Material to process:

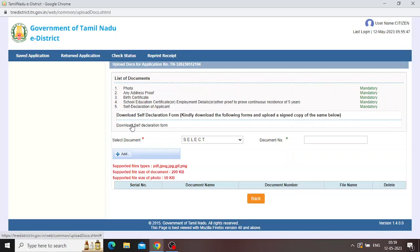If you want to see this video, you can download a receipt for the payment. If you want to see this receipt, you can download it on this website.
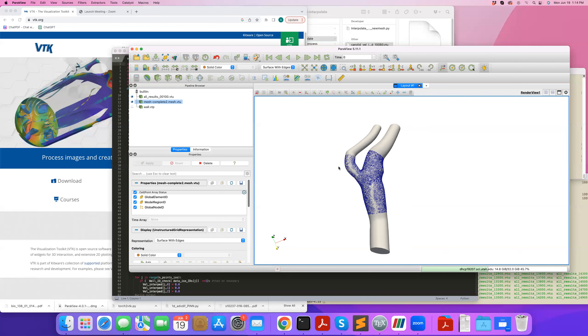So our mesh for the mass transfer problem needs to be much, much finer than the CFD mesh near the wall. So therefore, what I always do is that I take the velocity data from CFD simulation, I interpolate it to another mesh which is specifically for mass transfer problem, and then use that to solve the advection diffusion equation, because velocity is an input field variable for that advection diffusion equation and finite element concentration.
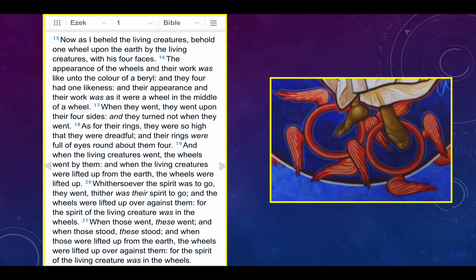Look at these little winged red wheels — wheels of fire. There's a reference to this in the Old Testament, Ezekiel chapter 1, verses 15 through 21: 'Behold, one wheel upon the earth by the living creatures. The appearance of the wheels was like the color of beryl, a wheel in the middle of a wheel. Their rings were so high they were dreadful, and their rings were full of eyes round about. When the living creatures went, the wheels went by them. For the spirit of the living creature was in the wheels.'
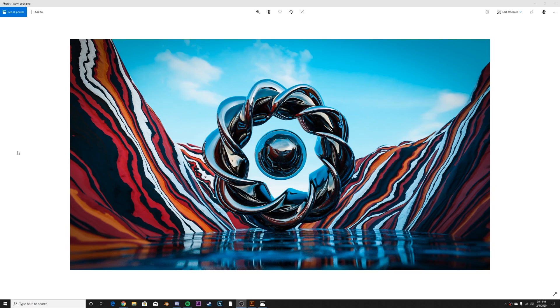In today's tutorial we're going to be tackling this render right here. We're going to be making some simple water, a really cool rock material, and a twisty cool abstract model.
...
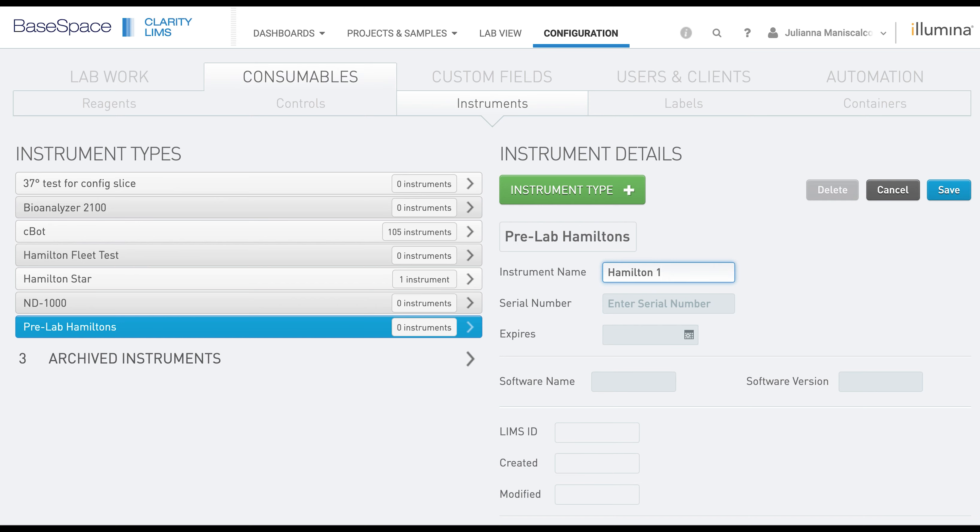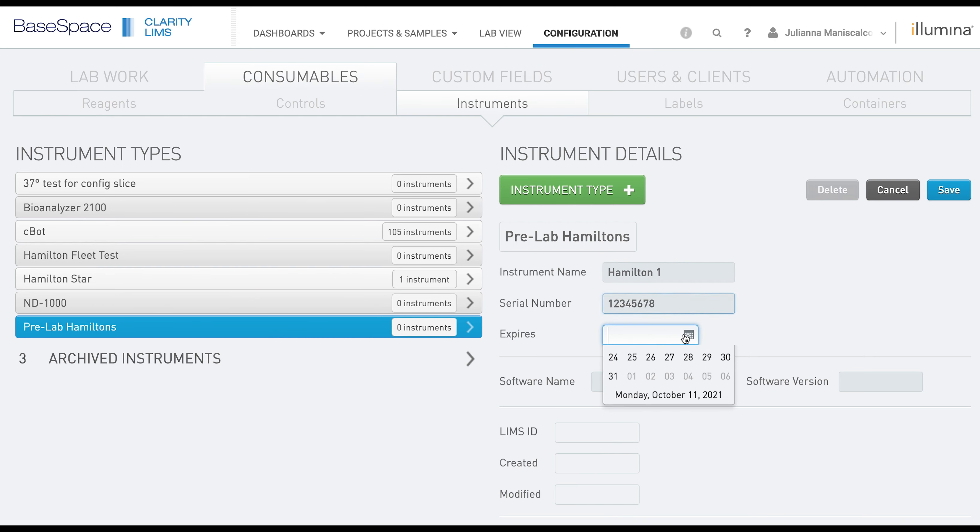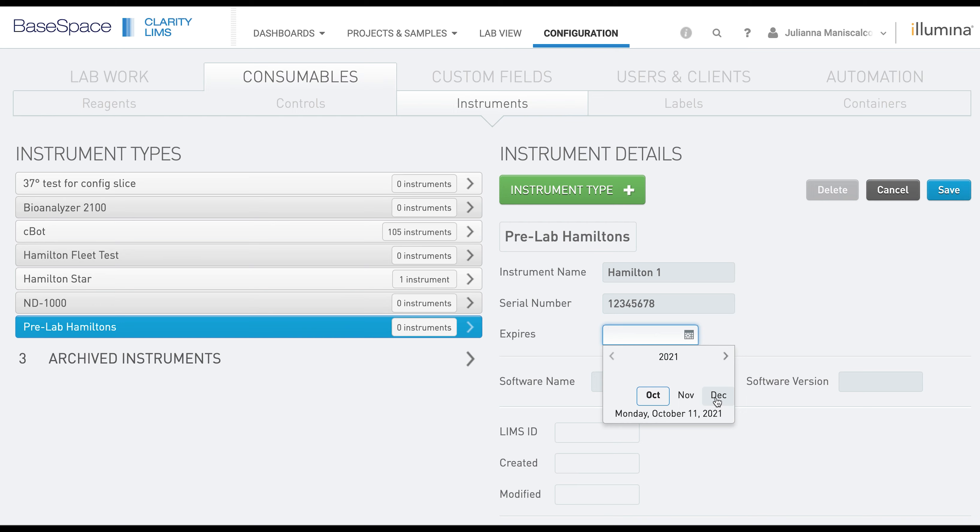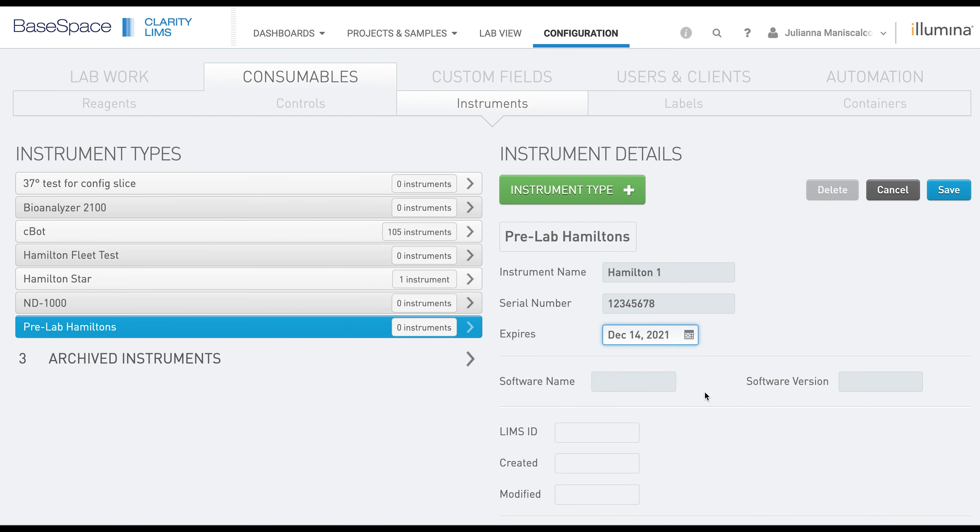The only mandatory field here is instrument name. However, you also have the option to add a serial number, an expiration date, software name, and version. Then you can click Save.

Problem description:
From the records above, transcribe only the stretch from the line with "If you want to see this video, you" through the line with "In today's tutorial", keeping both ends. Omit pictures.

Response to the exercise:
If you want to see this video, you can download a receipt for the payment. If you want to see this receipt, you can download it on this website.
So our mesh for the mass transfer problem needs to be much, much finer than the CFD mesh near the wall. So therefore, what I always do is that I take the velocity data from CFD simulation, I interpolate it to another mesh which is specifically for mass transfer problem, and then use that to solve the advection diffusion equation, because velocity is an input field variable for that advection diffusion equation and finite element concentration.
Look at these little winged red wheels — wheels of fire. There's a reference to this in the Old Testament, Ezekiel chapter 1, verses 15 through 21: 'Behold, one wheel upon the earth by the living creatures. The appearance of the wheels was like the color of beryl, a wheel in the middle of a wheel. Their rings were so high they were dreadful, and their rings were full of eyes round about. When the living creatures went, the wheels went by them. For the spirit of the living creature was in the wheels.'
In today's tutorial we're going to be tackling this render right here. We're going to be making some simple water, a really cool rock material, and a twisty cool abstract model.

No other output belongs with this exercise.